------ SOURCE RECORDS
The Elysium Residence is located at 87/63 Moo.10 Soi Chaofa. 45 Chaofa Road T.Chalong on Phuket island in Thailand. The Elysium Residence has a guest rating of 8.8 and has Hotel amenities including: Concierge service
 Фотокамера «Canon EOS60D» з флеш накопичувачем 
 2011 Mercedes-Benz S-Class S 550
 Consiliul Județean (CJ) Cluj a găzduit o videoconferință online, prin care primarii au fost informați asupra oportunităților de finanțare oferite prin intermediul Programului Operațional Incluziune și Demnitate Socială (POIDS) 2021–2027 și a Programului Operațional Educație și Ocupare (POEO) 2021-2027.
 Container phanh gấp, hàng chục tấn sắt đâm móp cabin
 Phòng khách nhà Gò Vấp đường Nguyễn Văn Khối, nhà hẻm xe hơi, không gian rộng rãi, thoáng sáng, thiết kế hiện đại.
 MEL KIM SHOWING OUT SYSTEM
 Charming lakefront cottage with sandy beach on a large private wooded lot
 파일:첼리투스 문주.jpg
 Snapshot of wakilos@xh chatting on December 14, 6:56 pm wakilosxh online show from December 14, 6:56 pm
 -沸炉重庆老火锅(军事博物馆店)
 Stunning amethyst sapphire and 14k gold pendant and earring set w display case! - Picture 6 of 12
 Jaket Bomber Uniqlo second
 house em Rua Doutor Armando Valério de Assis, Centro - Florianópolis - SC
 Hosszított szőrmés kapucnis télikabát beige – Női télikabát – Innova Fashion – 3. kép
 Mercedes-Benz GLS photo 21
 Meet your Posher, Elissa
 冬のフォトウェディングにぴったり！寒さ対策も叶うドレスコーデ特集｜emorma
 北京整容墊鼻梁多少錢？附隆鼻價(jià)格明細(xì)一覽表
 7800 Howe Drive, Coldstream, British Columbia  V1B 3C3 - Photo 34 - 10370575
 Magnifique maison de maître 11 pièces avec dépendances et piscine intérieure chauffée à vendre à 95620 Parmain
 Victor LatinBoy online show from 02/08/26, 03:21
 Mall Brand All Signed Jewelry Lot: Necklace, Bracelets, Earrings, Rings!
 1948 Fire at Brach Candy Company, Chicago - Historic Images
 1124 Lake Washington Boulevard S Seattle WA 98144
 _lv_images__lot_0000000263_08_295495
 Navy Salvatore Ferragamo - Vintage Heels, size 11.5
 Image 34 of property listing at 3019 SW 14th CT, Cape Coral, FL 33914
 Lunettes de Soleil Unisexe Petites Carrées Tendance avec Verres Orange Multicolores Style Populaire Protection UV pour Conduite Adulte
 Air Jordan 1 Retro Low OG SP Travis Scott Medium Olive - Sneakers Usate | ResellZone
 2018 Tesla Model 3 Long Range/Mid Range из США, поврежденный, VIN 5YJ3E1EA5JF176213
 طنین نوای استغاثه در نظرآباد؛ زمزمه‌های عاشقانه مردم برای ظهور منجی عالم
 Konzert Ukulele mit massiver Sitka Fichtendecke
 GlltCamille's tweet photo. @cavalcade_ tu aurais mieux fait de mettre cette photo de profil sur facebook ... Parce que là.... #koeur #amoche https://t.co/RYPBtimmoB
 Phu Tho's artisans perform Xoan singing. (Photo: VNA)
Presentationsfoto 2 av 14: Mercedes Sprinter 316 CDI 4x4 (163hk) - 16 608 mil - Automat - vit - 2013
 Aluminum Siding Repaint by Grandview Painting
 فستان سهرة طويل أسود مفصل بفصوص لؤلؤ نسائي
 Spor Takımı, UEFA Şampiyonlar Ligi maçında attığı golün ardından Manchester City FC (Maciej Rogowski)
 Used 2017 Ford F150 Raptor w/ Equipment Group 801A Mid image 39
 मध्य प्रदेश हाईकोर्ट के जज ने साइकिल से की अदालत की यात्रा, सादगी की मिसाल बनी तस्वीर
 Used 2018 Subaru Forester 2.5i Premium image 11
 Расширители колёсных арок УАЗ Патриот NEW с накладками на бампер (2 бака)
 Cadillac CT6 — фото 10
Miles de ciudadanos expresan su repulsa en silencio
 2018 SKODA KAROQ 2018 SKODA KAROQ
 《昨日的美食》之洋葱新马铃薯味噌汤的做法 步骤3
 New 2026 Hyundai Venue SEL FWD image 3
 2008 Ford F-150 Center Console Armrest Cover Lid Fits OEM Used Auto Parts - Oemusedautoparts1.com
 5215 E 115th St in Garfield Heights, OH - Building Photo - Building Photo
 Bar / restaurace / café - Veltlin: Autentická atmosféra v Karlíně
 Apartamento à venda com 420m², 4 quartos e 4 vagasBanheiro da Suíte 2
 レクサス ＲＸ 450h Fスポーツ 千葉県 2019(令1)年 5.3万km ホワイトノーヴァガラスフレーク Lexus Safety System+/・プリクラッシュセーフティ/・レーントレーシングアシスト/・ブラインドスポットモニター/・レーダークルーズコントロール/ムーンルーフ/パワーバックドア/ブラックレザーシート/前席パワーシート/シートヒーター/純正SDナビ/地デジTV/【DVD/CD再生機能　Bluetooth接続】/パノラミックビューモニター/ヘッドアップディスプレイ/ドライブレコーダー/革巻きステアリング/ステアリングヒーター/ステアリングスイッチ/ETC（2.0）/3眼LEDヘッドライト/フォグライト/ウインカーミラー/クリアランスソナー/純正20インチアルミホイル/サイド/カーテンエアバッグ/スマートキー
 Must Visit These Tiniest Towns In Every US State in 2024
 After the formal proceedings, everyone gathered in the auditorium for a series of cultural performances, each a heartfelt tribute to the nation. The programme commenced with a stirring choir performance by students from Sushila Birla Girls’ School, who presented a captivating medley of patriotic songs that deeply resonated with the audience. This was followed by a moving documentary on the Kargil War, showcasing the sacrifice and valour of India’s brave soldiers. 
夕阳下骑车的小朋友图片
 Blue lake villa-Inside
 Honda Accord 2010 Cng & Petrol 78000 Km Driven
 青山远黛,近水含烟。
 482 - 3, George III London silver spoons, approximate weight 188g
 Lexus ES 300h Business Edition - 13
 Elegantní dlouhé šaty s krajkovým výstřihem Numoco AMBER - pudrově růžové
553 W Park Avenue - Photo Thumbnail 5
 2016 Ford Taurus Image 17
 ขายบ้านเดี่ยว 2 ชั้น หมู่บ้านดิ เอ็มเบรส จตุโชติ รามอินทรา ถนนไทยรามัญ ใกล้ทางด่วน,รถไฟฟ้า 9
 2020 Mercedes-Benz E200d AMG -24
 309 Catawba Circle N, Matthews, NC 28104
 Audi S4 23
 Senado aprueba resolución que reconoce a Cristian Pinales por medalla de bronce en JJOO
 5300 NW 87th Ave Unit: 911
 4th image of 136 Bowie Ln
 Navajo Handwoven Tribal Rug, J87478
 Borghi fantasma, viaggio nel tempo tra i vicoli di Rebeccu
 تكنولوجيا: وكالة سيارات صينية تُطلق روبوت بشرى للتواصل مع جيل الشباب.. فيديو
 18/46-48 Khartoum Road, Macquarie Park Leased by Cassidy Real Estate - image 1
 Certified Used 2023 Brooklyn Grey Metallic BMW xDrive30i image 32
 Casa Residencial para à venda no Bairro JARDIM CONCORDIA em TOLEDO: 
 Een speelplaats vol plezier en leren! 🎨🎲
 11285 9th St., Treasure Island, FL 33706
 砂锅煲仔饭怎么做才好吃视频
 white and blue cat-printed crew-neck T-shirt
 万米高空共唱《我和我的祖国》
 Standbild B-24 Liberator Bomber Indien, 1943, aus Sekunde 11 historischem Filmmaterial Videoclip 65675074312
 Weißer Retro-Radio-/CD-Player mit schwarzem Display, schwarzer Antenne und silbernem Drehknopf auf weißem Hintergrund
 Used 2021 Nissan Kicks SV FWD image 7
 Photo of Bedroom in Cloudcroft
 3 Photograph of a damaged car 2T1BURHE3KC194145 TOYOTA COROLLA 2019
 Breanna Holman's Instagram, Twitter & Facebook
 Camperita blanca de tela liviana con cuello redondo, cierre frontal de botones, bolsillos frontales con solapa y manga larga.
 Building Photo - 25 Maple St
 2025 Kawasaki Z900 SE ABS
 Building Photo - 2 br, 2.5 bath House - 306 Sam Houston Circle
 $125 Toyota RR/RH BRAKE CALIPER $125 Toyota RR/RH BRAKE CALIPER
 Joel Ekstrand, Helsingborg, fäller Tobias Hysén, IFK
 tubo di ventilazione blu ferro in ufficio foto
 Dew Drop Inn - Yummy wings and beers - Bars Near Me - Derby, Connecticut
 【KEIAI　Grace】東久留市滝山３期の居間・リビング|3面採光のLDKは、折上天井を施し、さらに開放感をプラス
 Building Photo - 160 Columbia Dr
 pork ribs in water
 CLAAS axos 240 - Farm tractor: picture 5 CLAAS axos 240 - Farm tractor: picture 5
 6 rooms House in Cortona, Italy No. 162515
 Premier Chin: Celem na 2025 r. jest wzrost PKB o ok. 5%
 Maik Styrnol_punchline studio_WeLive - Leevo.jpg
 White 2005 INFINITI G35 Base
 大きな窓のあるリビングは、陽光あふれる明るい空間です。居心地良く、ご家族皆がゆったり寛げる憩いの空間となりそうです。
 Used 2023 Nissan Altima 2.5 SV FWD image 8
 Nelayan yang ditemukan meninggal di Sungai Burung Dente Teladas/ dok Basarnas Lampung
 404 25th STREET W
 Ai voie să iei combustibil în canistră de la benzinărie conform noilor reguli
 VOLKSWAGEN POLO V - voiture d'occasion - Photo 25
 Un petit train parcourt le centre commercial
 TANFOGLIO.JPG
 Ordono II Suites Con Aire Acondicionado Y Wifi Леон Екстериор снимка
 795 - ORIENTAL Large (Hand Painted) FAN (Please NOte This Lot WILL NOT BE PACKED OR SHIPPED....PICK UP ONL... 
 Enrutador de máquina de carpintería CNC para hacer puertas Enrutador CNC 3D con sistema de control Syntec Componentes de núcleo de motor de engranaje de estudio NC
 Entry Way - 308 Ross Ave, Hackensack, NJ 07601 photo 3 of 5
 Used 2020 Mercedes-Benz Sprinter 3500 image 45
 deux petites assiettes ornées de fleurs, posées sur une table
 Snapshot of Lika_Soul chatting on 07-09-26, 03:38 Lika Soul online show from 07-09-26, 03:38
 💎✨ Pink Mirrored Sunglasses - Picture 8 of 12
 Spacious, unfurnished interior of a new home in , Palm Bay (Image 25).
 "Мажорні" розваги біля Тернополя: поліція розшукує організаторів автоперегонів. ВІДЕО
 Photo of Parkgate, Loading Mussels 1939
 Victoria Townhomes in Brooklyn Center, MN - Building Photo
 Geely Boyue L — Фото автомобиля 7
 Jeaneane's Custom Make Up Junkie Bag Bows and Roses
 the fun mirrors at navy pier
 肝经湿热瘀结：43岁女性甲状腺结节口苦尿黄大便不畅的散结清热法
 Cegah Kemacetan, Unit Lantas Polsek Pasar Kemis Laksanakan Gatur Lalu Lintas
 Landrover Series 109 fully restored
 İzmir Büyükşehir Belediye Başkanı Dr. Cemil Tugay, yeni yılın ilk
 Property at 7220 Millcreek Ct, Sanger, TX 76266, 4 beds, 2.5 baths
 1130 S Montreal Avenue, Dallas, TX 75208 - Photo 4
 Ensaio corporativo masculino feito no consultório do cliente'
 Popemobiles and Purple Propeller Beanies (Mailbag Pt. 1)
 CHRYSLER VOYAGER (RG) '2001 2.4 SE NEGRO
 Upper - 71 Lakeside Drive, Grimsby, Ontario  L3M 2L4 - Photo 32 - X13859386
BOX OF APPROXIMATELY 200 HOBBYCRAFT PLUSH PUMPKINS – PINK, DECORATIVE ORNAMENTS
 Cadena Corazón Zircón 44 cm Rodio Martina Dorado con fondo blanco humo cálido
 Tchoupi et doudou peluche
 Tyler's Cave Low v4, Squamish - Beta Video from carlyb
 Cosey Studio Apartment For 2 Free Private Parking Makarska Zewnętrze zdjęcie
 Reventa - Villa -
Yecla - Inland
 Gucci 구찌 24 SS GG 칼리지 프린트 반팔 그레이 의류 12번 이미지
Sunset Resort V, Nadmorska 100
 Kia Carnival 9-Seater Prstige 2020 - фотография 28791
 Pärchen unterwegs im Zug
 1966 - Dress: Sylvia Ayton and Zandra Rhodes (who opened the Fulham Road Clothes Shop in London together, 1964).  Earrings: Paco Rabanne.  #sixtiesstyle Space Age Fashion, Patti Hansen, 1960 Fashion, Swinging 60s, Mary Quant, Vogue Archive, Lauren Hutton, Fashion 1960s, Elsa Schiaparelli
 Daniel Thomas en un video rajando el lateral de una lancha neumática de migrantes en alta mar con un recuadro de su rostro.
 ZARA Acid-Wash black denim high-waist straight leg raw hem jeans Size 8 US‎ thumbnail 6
------------
■ THE PROBLEM:
Taking the entries above, print exactly the lines starting at the line with "Joel Ekstrand, Helsingborg, fäller" and ending at the line with "Maik Styrnol_punchline studio_WeLive", both included.

■ EXPECTED ANSWER:
 Joel Ekstrand, Helsingborg, fäller Tobias Hysén, IFK
 tubo di ventilazione blu ferro in ufficio foto
 Dew Drop Inn - Yummy wings and beers - Bars Near Me - Derby, Connecticut
 【KEIAI　Grace】東久留市滝山３期の居間・リビング|3面採光のLDKは、折上天井を施し、さらに開放感をプラス
 Building Photo - 160 Columbia Dr
 pork ribs in water
 CLAAS axos 240 - Farm tractor: picture 5 CLAAS axos 240 - Farm tractor: picture 5
 6 rooms House in Cortona, Italy No. 162515
 Premier Chin: Celem na 2025 r. jest wzrost PKB o ok. 5%
 Maik Styrnol_punchline studio_WeLive - Leevo.jpg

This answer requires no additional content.